This essay is not a book review, although we are basing it on the many passages of The Art of Pilgrimage, but rather a reflection and insights on pilgrimage while taking some valuable and spiritual ideas of Phil Cousineau on pilgrimage, and also adding a few of my personal reflections and experiences on spiritual journeys or pilgrimage.
Phil suggests on how we should conduct our own pilgrimage. Look out to the world, visit those places, but never missing seeing them as if you are an artist, describing the beauty and magnificence of those wonders in the world. Every beautiful thing in the world is a wonder. This and many things about pilgrimage are what we can learn and appreciate in The Art of Pilgrimage.
The object of pilgrimage is not rest and recreation, but to avoid the call of our senses; meaning it is not the call of the physical or material desires of the body but the spiritual needs that we are addressing. In pilgrimage, we are not resting, we are exerting efforts actually for our souls. We are serving our soul’s desires. First, we prepare for our journeys; later, we realize they have become pilgrimage, and then that’s the time we realize they are spiritual.
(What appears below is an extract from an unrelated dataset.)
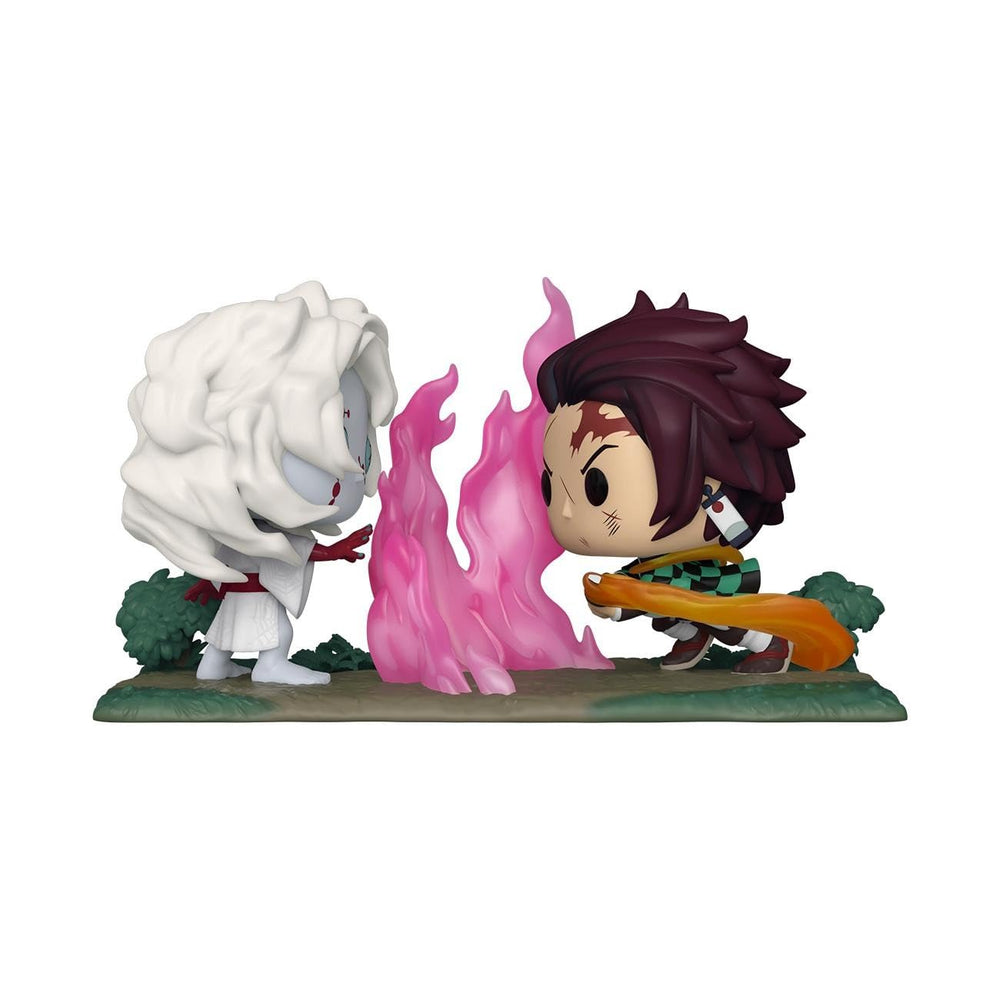 Funko Pop Moment Demon Slayer Tanjiro close-up face showing vivid sculpting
What really brings us to travel? What do we get of going abroad or somewhere away from our usual and ordinary activities? What do we get of ‘punishing’ ourselves, climbing on foot – “a rough, wild path in a landscape where everything is new?”
“Pilgrimage is the kind of journeying that marks just this move from mindless to mindful, soulless to soulful travel.” (XXIII)
We find what material things can not deliver in a pilgrimage, but maybe nothing – if we haven’t appreciated the “art of the pilgrimage.” There are so many things, not physical, not material, that we get from it. It’s like a gravitational force pulling us towards that place we haven’t been in our lives. Pilgrimage is actually stopping but not relaxing from the rigors of daily life. We are journeying to places we haven’t been or returning back to places that have captivated our souls. A pilgrimage is searching for our soul, and what our soul really wants, or what it has missed all this time.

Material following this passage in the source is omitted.